I have now under my care, growing in a cool conservatory, and gradually covering a good portion of the roof, a plant of this fine greenhouse twiner. It came into my hands in 1865, and was then a plant about 18 inches in height, growing in a 48-pot. I planted it at the south-west corner of the conservatory, in a spot which gets some shade at the latter part of the day; and to receive the roots, I made a small pit or tank, about 3 feet in length by 1 foot in width, and edged it with stone. The pit was made about 18 inches in depth, and one-third of it filled with brick-rubble for drainage. The Lapageria was then planted in some bog-peat, as 6pongy as I could get it, with which was mingled some rough sand. It soon began to grow, and flowered for the first time in 1868; since then it has bloomed yearly; and as the plant increases in size and strength, the flowers not only become more numerous, but larger and of finer quality.
My mode of treatment is as simple as it appears to be effectual. During the summer, at the growing season, I water plentifully; during the winter, when at rest, it is watered only occasionally - just enough to keep the soil moist. Occasionally I top-dress the plant with peat and sand as required; the constant watering during summer tends to wash away the soil from the roots. It is well to thoroughly top-dress at the beginning of winter, just as the summer supply of water is withheld; then the newly-added soil gets pretty well settled about the roots by the time growth commences in the spring.

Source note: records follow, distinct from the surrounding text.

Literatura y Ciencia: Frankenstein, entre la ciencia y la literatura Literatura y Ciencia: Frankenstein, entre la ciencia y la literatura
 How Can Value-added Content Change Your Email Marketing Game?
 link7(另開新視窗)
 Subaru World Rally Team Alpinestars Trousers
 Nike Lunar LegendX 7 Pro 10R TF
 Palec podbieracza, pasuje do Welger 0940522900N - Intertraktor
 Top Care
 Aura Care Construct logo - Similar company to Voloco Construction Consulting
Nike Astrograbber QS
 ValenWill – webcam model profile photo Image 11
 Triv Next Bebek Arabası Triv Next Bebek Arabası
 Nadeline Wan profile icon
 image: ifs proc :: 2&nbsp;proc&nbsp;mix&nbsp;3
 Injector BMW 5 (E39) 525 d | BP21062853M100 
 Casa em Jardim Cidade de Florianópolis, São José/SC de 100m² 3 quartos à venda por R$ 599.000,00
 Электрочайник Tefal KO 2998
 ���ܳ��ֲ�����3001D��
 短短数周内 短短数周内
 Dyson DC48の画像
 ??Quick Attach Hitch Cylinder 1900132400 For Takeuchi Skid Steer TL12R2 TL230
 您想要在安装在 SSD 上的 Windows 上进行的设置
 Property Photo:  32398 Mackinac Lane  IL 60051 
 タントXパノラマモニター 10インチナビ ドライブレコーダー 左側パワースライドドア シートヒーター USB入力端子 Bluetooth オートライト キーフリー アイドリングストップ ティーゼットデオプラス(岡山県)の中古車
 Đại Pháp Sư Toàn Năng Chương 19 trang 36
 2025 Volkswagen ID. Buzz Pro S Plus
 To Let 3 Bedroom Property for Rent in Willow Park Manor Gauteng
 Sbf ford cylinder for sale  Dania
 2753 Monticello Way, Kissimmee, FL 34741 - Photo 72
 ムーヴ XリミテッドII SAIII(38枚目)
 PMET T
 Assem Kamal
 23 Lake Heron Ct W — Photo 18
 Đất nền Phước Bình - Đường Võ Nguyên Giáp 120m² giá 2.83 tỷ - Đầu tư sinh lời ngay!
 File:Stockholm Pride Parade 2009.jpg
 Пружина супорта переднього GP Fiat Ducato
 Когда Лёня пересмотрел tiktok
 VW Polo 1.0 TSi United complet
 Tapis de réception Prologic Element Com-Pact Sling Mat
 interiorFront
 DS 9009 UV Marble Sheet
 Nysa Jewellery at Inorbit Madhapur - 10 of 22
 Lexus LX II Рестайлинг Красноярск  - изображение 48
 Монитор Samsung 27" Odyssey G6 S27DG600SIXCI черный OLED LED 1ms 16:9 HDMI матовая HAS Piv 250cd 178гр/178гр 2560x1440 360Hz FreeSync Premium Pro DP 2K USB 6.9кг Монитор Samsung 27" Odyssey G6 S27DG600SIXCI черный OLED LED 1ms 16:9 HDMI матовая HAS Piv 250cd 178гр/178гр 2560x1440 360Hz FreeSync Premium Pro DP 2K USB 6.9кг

I get a supply of flowers about nine months in the year; and it seeds freely, some of the pods hanging on the plant for a considerable time. The plant makes vigorous growth, and during the past summer has made shoots 16 feet in length. It has been in robust health, and made wood freely.
I find it necessary to shield the young growing shoots from the attacks of woodlice and snails or slugs. These young shoots come up through the ground of a character similar to those of the Asparagus; and as soon as there is a slug or a wood-louse in the house, it will find its way to it, and eat away the tip of the shoots. If this happens, the growth of the shoot is checked directly, and it rarely if ever starts again. As soon as I perceive a shoot coming through the soil, I place a lamp-glass over it, and keep it there till it has made sufficient growth to be out of reach of the foes.
I think a very pretty effect could be secured by blending the white with the rose-coloured variety in the interior of the roof of a suitable house. At present the former is very scarce and expensive; when it becomes cheaper, it will no doubt be grown as much as the other and older form. George Vennee.
The Grove Gardens, Hanwell.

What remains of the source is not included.